» **Task to complete**: Could you retype the lines below, starting at the line holding "효과적인 파일 공유를 위한 클라우드 스토리지 선택 가이드" and stopping at the line holding "марки lsd Абдулино", inclusive? Copy them exactly and drop the images.

» **Available data**:
=== Begin Enclosure ===

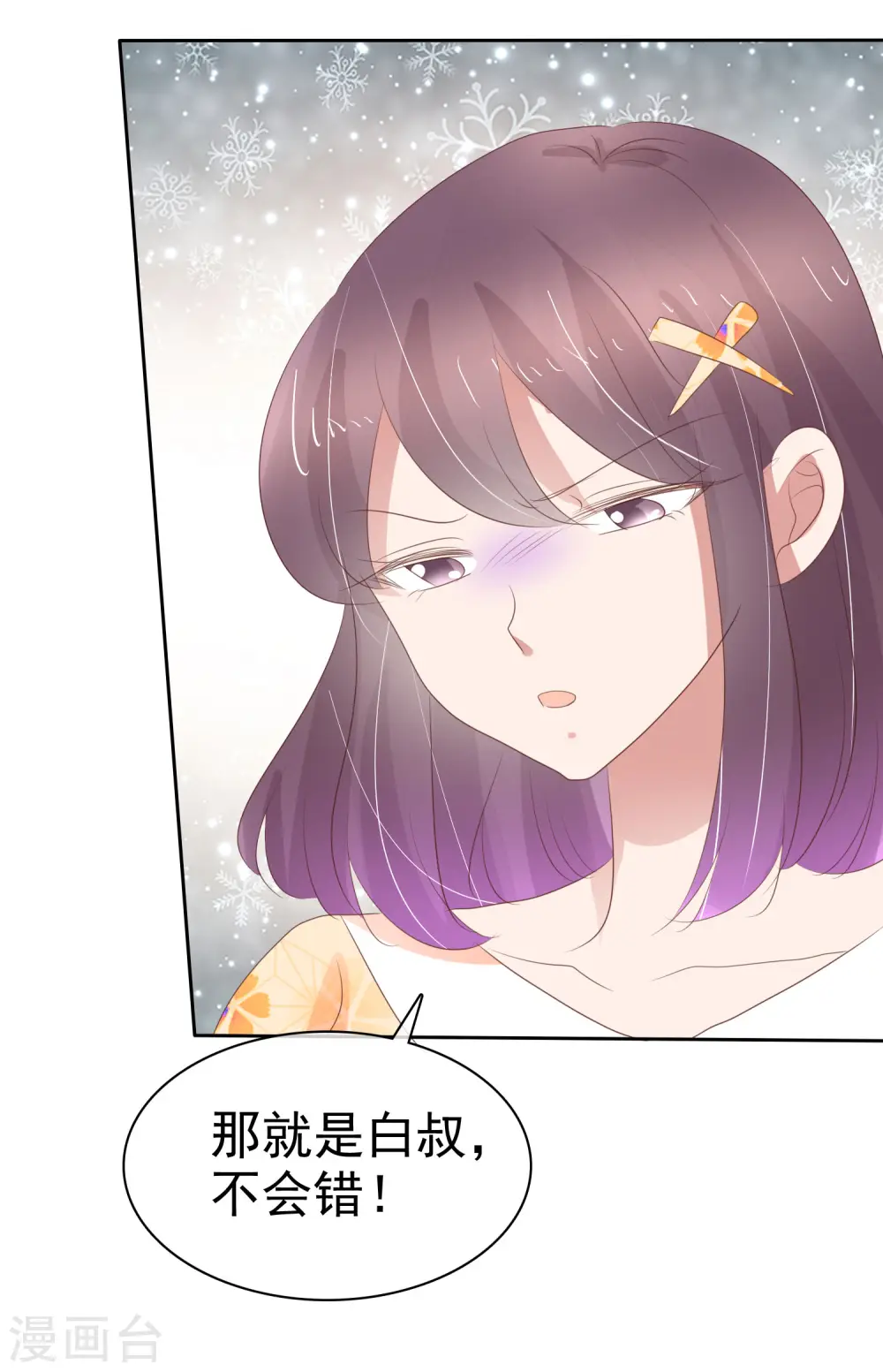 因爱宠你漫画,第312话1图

=== End Enclosure ===
=== Begin Enclosure ===

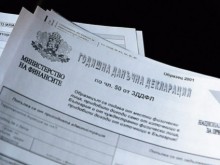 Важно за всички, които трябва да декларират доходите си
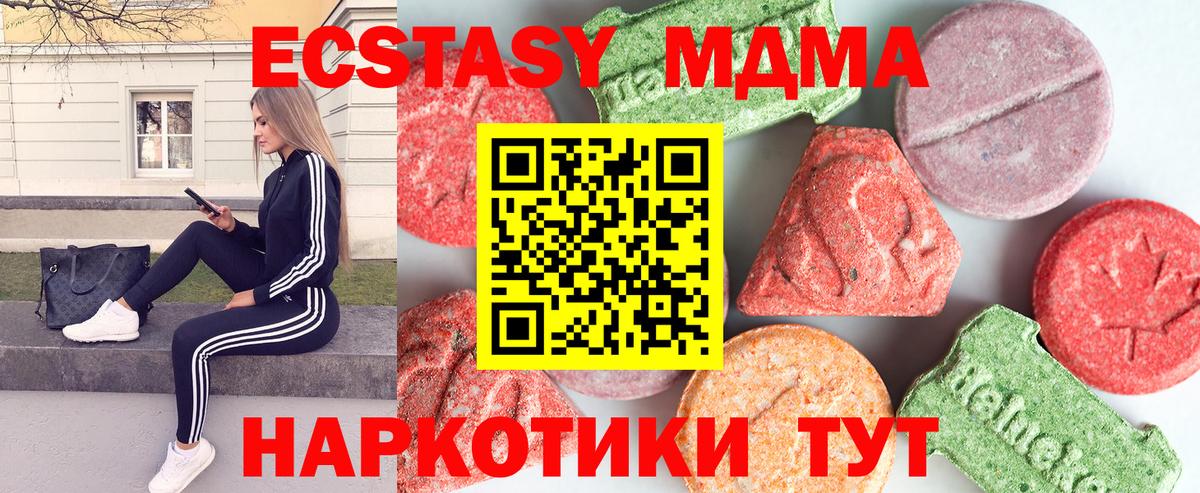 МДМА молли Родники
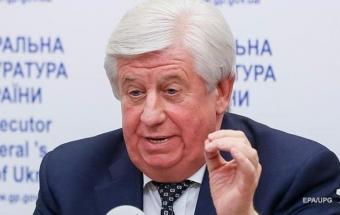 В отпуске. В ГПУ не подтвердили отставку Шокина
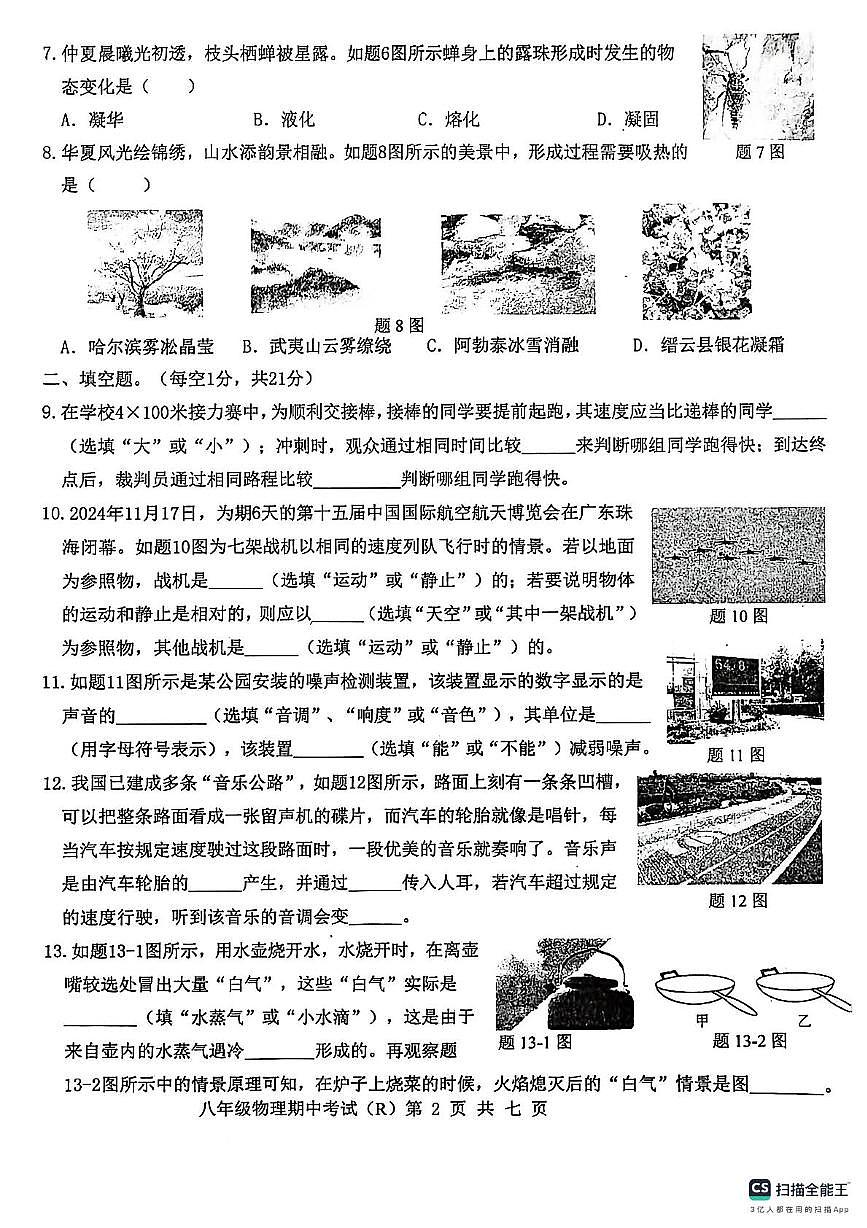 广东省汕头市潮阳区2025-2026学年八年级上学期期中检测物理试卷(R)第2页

=== End Enclosure ===
=== Begin Enclosure ===

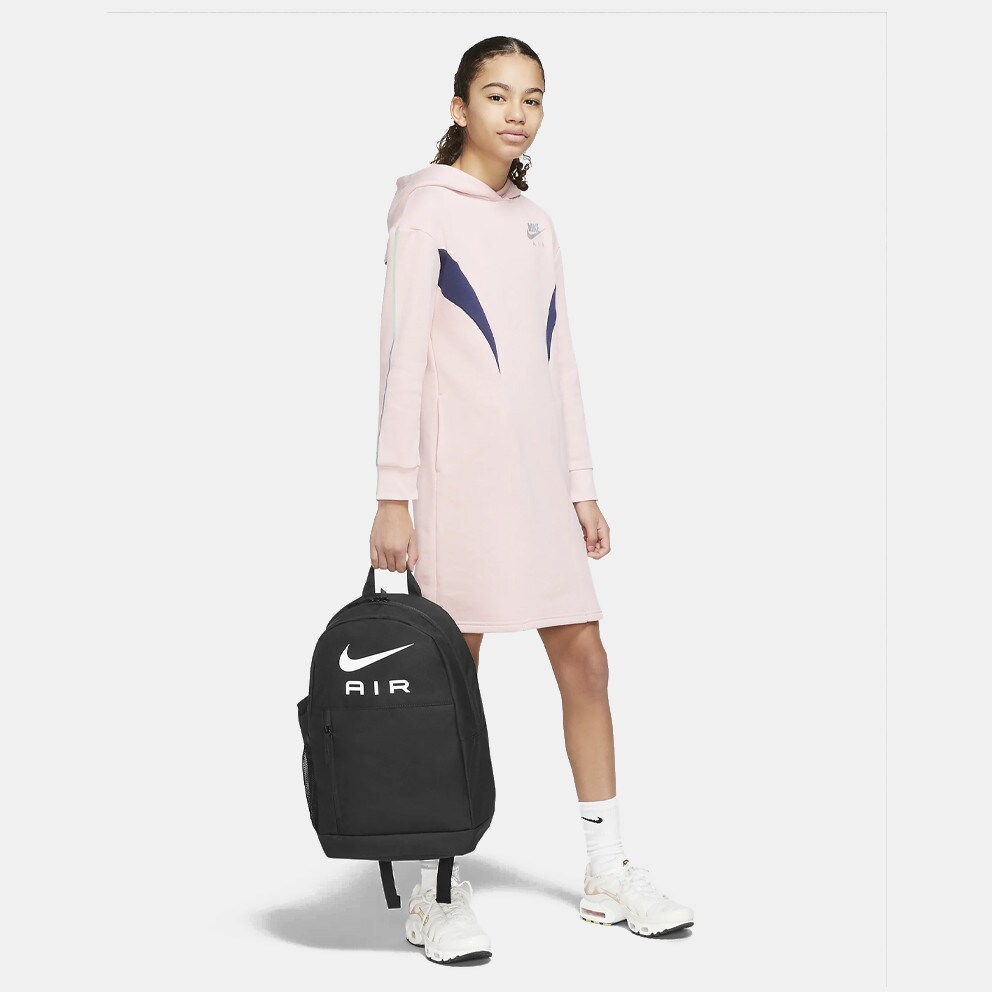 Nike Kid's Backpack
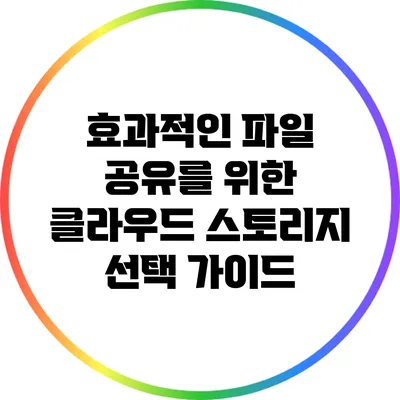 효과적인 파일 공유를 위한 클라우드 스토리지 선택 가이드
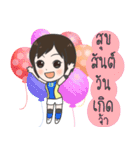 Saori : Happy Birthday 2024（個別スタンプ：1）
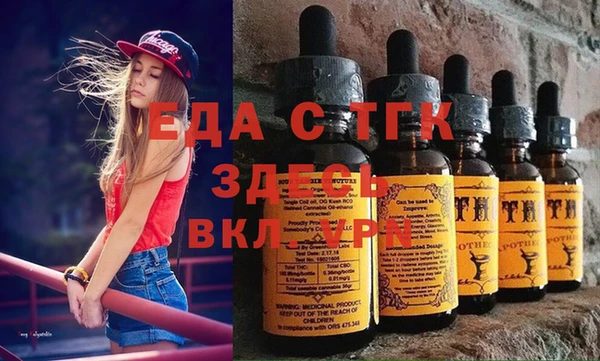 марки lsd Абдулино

=== End Enclosure ===

» **Response to this task**:
 효과적인 파일 공유를 위한 클라우드 스토리지 선택 가이드
 Saori : Happy Birthday 2024（個別スタンプ：1）
 марки lsd Абдулино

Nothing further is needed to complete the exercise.